Recently I was beyond disappointed in someone I had attempted to help. The Word of the Lord within said to me: "he is of the same earth as you;" which caused me to consider that both he and I were created beings from one blood and one mold, and that I really didn't know his background of experiences that might have programmed him to have certain weaknesses. Further, I could begin to see that it is without foundation, for one created being to be critical of any other created being.
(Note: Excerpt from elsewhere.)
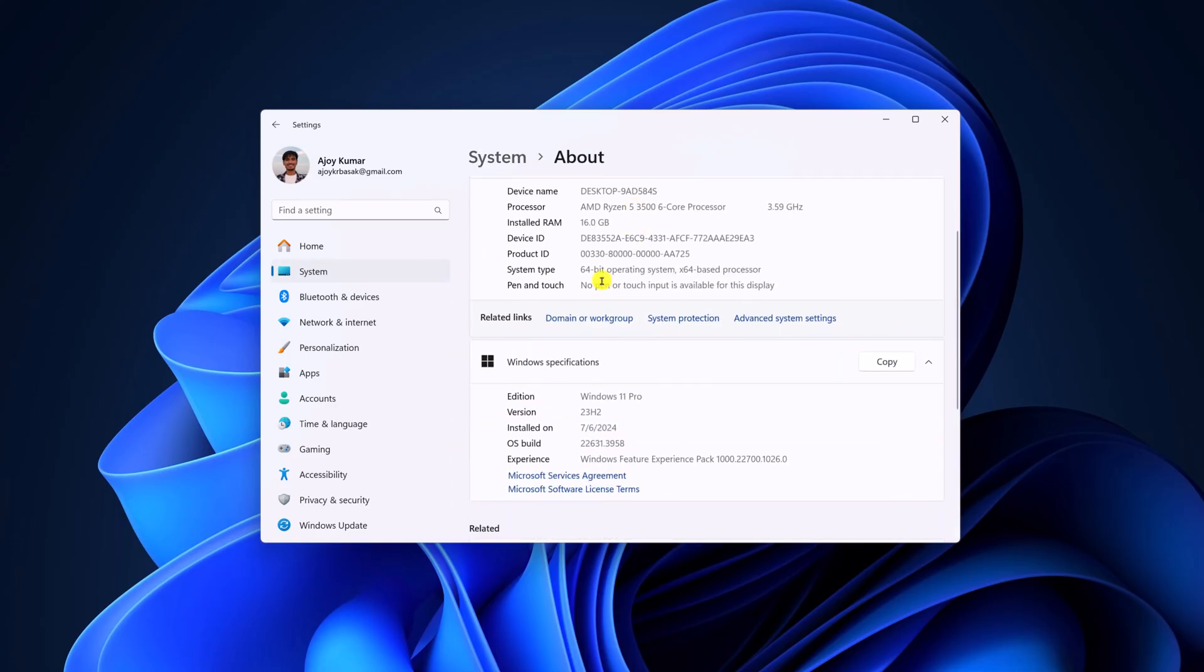Scroll down and under Windows specification, check for the version. You can see I'm using 23H2. If you're not using the 23H2 version of Windows 11, then you can simply update your Windows operating system.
Later I heard the Word of the Lord within say, "Your challenge is to consider yourself equal with everyone else." Thinking about this, I understood the only difference between myself and everyone else was that I had been taught wisdom; and everyone else will be taught wisdom too, some later that others; but eventually as Jesus said: "It is written in the prophets, 'And they shall all be taught by God.'" John 6:45. Another related teaching we have had from the Lord is that those people still locked in sin are just spiritually younger than us; their spiritual maturity is yet to come, and most will not mature until the next life, (See Is There Hope for All for more on the next life's learning process).

I concluded that my disappointment was really veiled anger at his failure, and I had no right to conclude that just because I could clearly see myself doing right, my life's experiences were totally different than his, and so I had no idea of the emotional pulls and tugs that he had to deal with because of his past experiences. So, I worked at ignoring his weakness and failure, substituting compassion for the price he continues to pay; and then I heard the Word of the Lord within say: "Love mercy." Like the warnings on judging, anger, and forgiveness, so too we are warned to be merciful: "He who has shown no mercy, will receive judgment without mercy. But mercy triumphs over judgment." James 2:13.
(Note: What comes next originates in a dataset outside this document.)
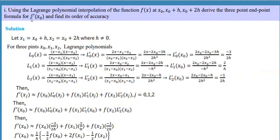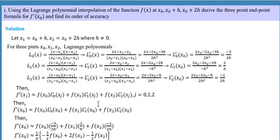We want to find an approximation to f prime evaluated at x₀, that is why we are finding these cardinal functions. We evaluate their derivatives at x₀, and it is pretty easy to compute. You have to do this on your own, otherwise you won't understand it or be able to reproduce it on an exam. The approximation to f prime at x₀ is given by this formula.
From the Word of the Lord within: "Never speak critically of any individual or any organization, no matter how deserving of criticism they are;" and "be blind to others' oppressive faults." Especially be blind to your fellow believers', (those who believe in the true gospel, have the true hope, and who are fervently seeking the kingdom), oppressive faults, which we all have until we have been purified.
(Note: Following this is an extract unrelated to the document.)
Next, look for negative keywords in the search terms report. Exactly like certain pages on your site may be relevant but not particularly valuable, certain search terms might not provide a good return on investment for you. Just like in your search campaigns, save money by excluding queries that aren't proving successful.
When you have sufficient Spirit of God within you, you may be specifically prompted with words from God to pass judgment on someone else in particular; but that would not be you judging, that would be God. Just like Jesus did not judge himself: By myself I can do nothing; I judge only as I hear, John 5:30... whatever I speak, just as the Father has told Me, so I speak. John 12:49-50... the Son is able to do nothing of Himself (of His own accord); but He [the son] is able to do only what He sees the Father doing, John 5:19.

Do you have trouble not getting angry at injustices? If so, then expect more injustice to come your way because that is how you are going to get cured. The Lord works on us, one problem at a time, until we are cured from the pain of failure. And even after we are cured, we will get occasional mini refresher courses to remind us of the reward of forgiving or the pain of resentment.